### Entries shown
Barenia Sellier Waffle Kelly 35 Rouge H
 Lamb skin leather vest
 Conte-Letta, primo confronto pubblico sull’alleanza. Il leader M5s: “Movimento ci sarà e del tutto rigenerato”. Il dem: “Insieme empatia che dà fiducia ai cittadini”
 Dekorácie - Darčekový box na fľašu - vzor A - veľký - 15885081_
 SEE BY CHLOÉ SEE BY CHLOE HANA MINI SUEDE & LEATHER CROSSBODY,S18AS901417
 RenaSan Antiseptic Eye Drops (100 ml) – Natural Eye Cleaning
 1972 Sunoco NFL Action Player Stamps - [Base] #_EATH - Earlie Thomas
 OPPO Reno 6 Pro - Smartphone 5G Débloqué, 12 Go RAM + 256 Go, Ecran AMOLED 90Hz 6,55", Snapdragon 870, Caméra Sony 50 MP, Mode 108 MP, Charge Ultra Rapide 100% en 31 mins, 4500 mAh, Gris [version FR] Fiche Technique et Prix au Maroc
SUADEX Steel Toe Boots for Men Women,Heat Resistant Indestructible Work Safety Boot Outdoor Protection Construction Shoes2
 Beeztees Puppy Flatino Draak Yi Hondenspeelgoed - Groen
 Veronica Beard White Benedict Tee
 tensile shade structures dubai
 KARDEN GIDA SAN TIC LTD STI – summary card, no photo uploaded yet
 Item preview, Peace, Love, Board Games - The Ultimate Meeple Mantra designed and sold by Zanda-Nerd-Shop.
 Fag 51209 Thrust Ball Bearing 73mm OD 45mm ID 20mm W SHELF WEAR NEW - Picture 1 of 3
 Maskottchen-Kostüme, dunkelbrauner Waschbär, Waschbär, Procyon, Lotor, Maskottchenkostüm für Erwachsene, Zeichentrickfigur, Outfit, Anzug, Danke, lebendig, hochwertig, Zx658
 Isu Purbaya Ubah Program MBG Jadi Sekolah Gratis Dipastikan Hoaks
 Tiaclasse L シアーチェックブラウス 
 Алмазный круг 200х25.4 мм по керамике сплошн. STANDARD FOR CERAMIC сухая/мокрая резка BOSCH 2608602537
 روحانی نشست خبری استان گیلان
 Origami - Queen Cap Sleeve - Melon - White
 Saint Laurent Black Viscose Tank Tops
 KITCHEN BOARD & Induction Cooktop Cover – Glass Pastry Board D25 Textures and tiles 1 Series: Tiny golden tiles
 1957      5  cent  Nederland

### Work to complete
Filter the records down to the lines that contain the string "White", and copy those lines.

### Reply to the task
 Veronica Beard White Benedict Tee
 Origami - Queen Cap Sleeve - Melon - White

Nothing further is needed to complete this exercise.